Assignment
Give back the entries exactly as they read, leaving each image out.

Source material
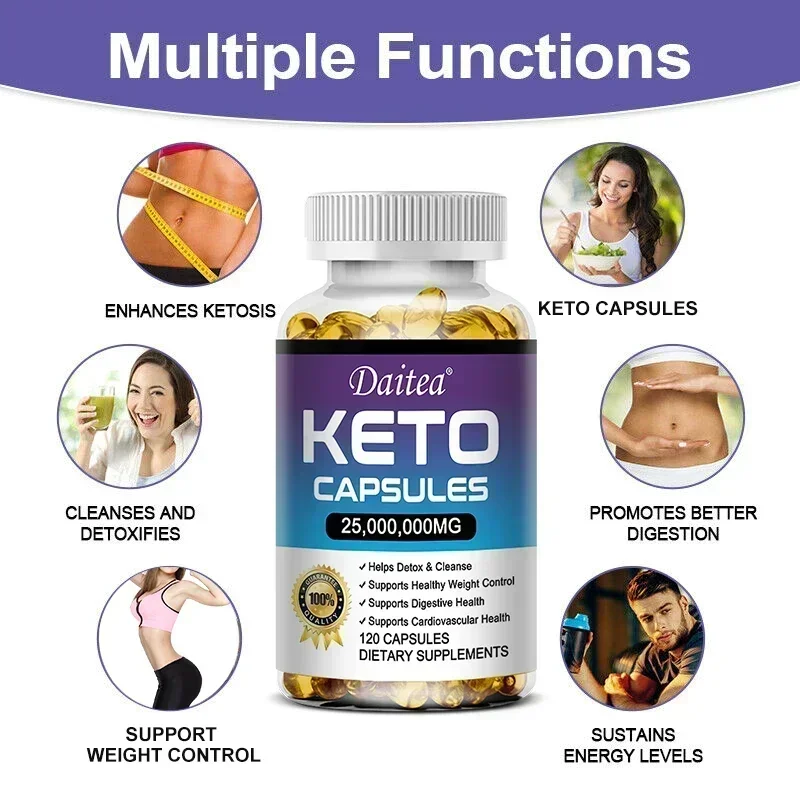 Keto Capsules - Weight & Fat Management, Burn Belly Fat, Detoxification, Digestion, Immunity - High Strength Ketone Supplement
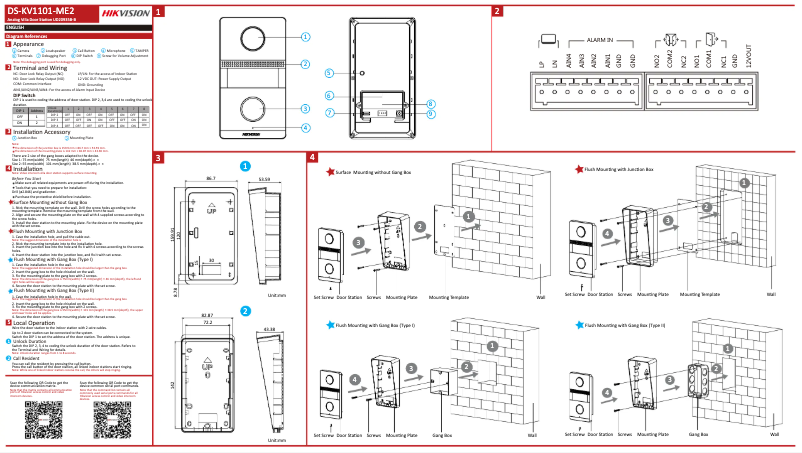 Imagen de la primera página del manual del dispositivo DS-KV1101-ME2/Surface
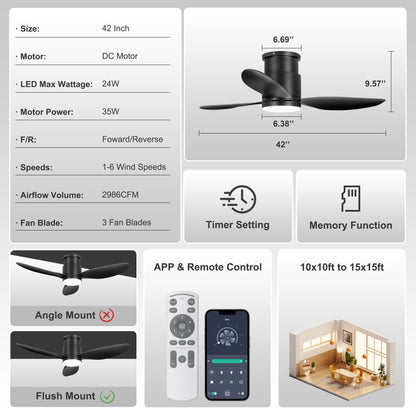 Ohniyou 42'' Flush Mount Ceiling Fans with Lights（Black）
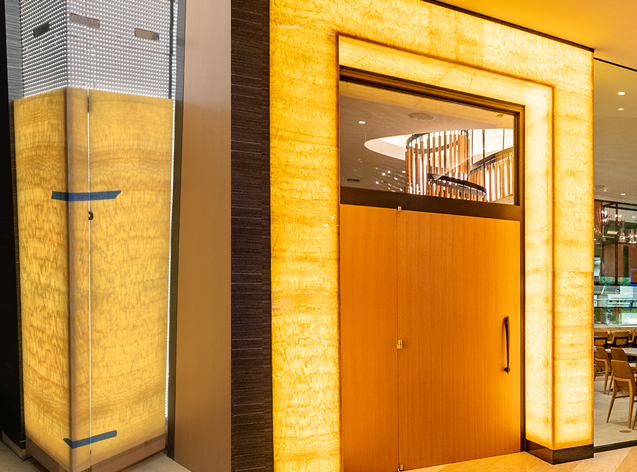 Honey onyx feature display wall, backlit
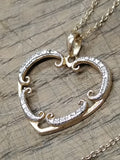Vtg 925 Sterling Vermeil Open Heart Necklace 17 Inch Very Nice!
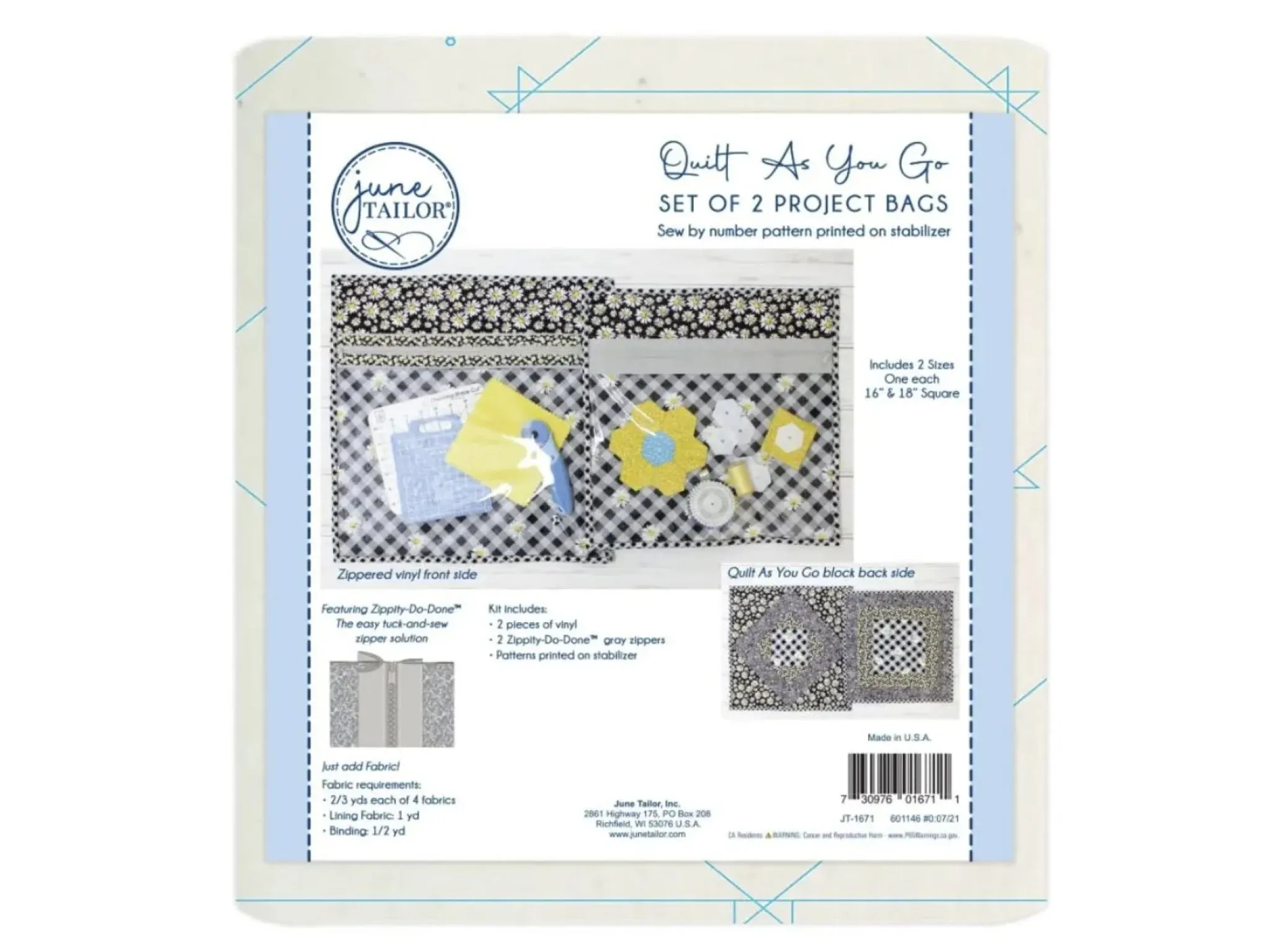 June Tailor Quilt As You Go Zipper Project Bags Set of 2-Gray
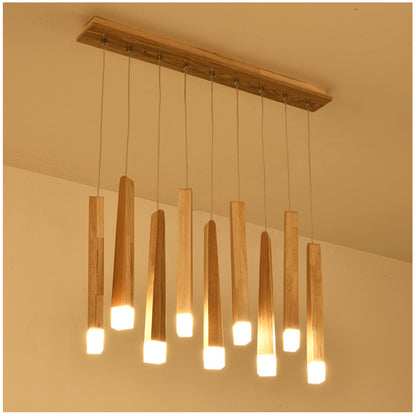Ash Wood 1/5-Light Strip Pendant Light / Ash single head / warm light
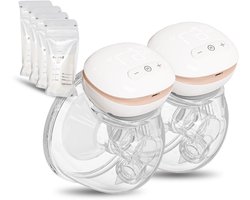 Youha The Next Elektrische Dubbele Borstkolf – Handsfree Draadloze Borstkolf – LED-scherm – BPA-vrij – 24mm – Inclusief Bewaarzakjes en Tepelmeter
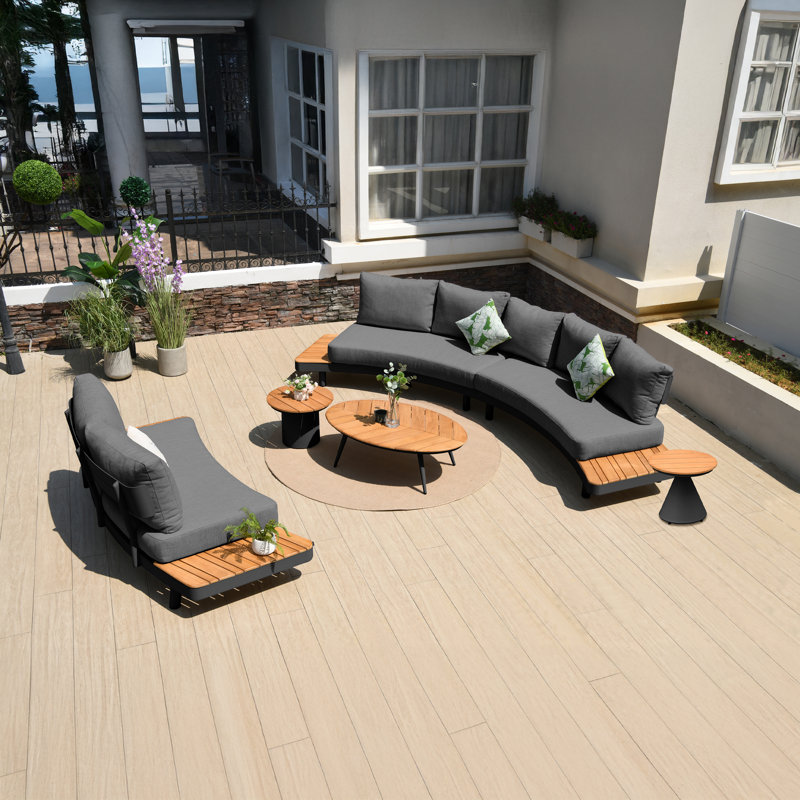 Patio Conversation Set with Cushions, Gray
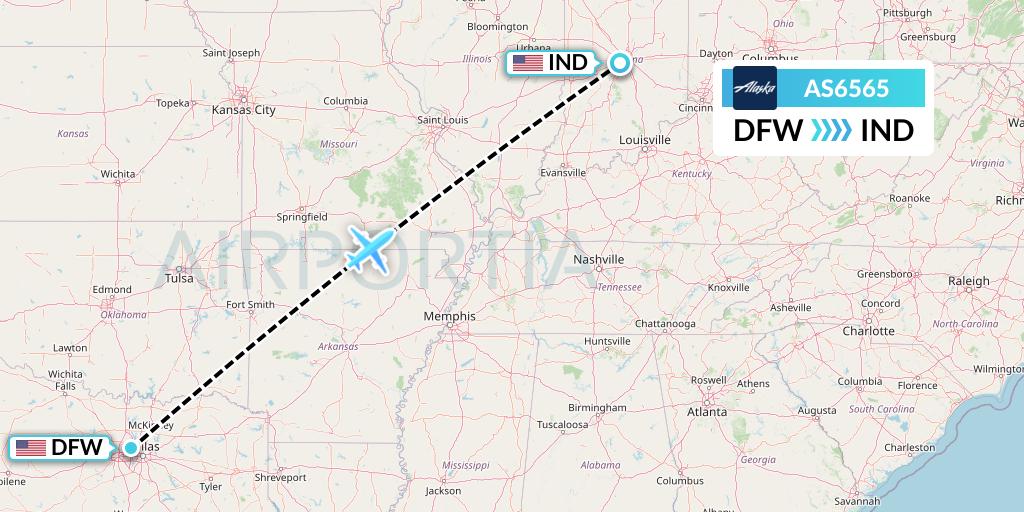 AS6565 Alaska Airlines Flight Map: Dallas to Indianapolis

Task output
 Keto Capsules - Weight & Fat Management, Burn Belly Fat, Detoxification, Digestion, Immunity - High Strength Ketone Supplement
 Imagen de la primera página del manual del dispositivo DS-KV1101-ME2/Surface
 Ohniyou 42'' Flush Mount Ceiling Fans with Lights（Black）
 Honey onyx feature display wall, backlit
Vtg 925 Sterling Vermeil Open Heart Necklace 17 Inch Very Nice!
 June Tailor Quilt As You Go Zipper Project Bags Set of 2-Gray
Ash Wood 1/5-Light Strip Pendant Light / Ash single head / warm light
 Youha The Next Elektrische Dubbele Borstkolf – Handsfree Draadloze Borstkolf – LED-scherm – BPA-vrij – 24mm – Inclusief Bewaarzakjes en Tepelmeter
 Patio Conversation Set with Cushions, Gray
 AS6565 Alaska Airlines Flight Map: Dallas to Indianapolis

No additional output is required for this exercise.